Israeli Prime Minister Netanyahu reportedly pushed back against President Obama’s Middle East narrative during the meeting of the two yesterday. According to this account, Netanyahu offered Obama a “history lesson” covering the last 20 years of conflict with the Palestinians.

If so, the lesson was much needed. Perhaps it will spark a more general interest by Obama in the subject of history.

It’s difficult to say which is more distressing, Obama’s ignorance about history or his willingness to distort it. Both tendencies were evident, but the latter prevailed, in his recent interview with Jeffrey Goldberg about the Middle East.

Consider Obama’s claim that “we have seen more aggressive [Israeli] settlement construction over the last couple years than we’ve seen in a very long time.” Evelyn Gordon shows that this statement has no basis in fact:

[A]s a simple glance at the annual data published by Israel’s Central Bureau of Statistics reveals, there has been less settlement construction during Benjamin Netanyahu’s five years as Israeli premier (2009-13) than under any of his recent predecessors.

During those five years, housing starts in the settlements averaged 1,443 a year [citations omitted]. That’s less than the 1,702 a year they averaged under Ehud Olmert in 2006-08, who is nevertheless internationally acclaimed as a peacemaker (having made the Palestinians an offer so generous that then-Secretary of State Condoleezza Rice couldn’t believe she was hearing it).

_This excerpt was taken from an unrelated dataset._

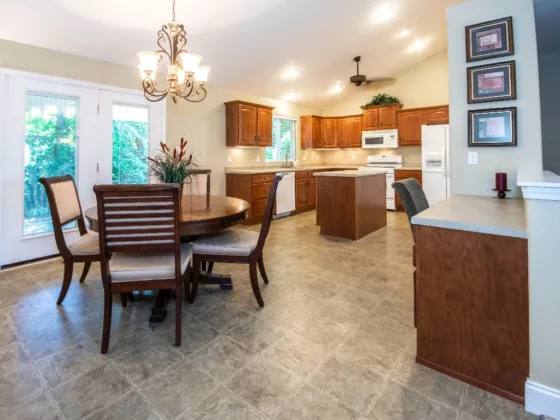 Featured image - 7 Bright Ideas for Dining Room Lighting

It’s also less than the 1,652 per year they averaged under Ariel Sharon in 2001-05, who is similarly lauded internationally as a peacemaker (for having left Gaza); the fact that even Sharon out-built Netanyahu is particularly remarkable, because his term coincided with the second intifada, when demand for housing in the settlements plummeted.

And it’s far less than under Ehud Barak, who is also internationally acclaimed as a peacemaker (for his generous offer at Camp David in 2000): One single year under Barak, 2000, produced more housing starts in the settlements (4,683) than the entire first four years of Netanyahu’s term (4,679).

It is true, as Gordon acknowledges, that settlement construction more than doubled last year. But it doubled from such a low base that it still fell far short of Barak’s high-water mark; indeed construction was roughly at the same level as during the presidency of Yitzhak Rabin, signatory of the Oslo Accords and patron saint of the peace process.

In any event, Obama’s claim wasn’t limited to last year. He claimed that settlement construction has been unusually aggressive “over the last couple of years.” That isn’t true.

Obama’s lie is in service of a deeper falsehood — the notion that settlement construction is the obstacle to peace. As Gordon explains:

If settlement construction were really the death blow to the peace process that Obama and his European counterparts like to claim, Netanyahu ought to be their favorite Israeli prime minister ever instead of the most hated, because never has settlement construction been as low as it has under him.

The obvious conclusion is that all the talk about settlement construction is just a smokescreen, and what really makes Western leaders loathe Netanyahu is something else entirely: the fact that unlike Rabin, Barak, Sharon and Olmert, he has so far refused to offer the kind of sweeping territorial concessions that, every time they were tried, have resulted in massive waves of anti-Israel terror.

Presumably, Netanyahu explained some of this to Obama during his “history lesson.” Presumably, Netanyahu wasted his breath.